### [ABOUT THIS EXERCISE]
The output should match, line for line, the records from the line containing "A long line" through the line containing "unfurnished living room", with every picture left out.

### [DATA]
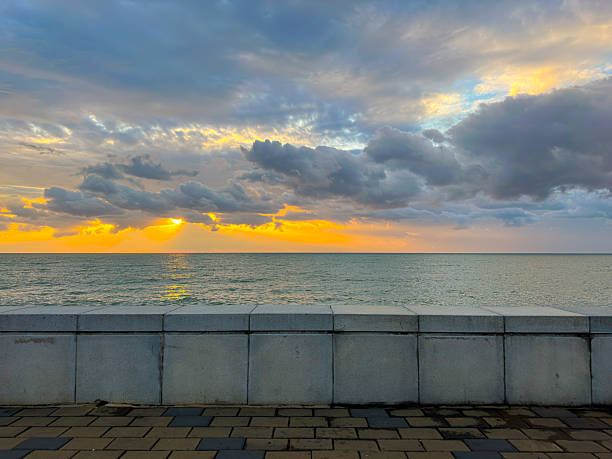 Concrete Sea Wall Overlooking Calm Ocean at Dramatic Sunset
...
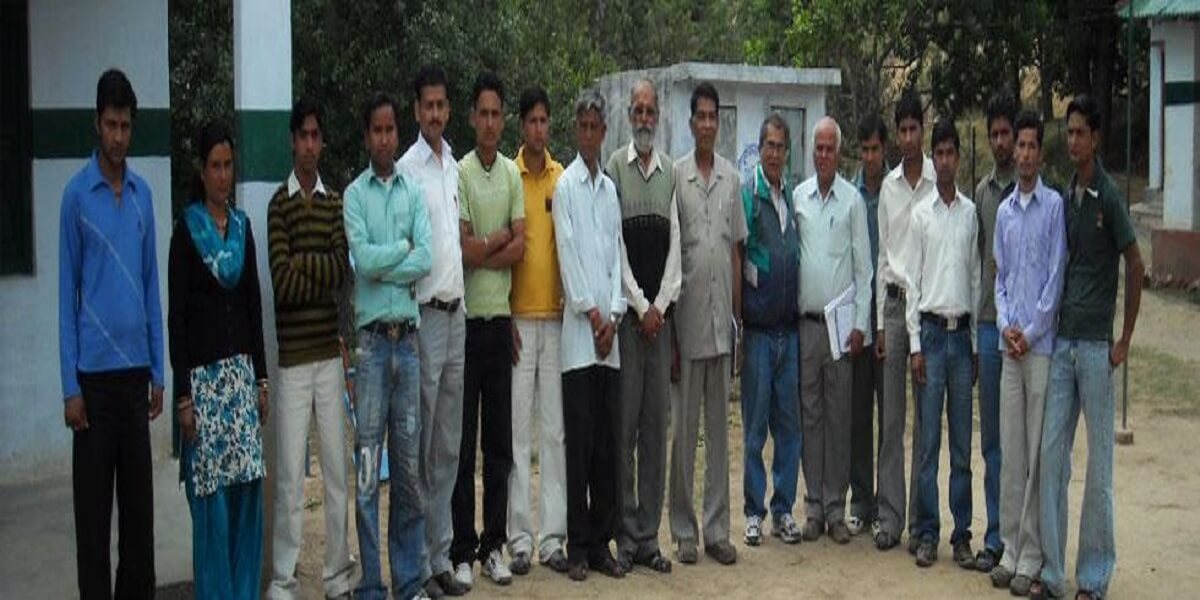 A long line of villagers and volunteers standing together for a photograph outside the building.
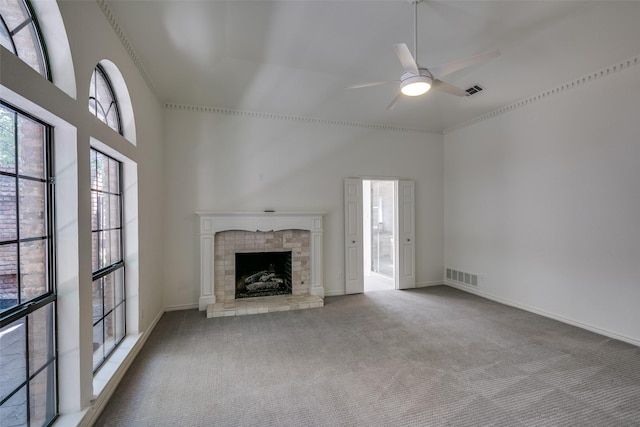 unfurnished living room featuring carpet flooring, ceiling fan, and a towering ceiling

### [EXERCISE RESPONSE]
 A long line of villagers and volunteers standing together for a photograph outside the building.
 unfurnished living room featuring carpet flooring, ceiling fan, and a towering ceiling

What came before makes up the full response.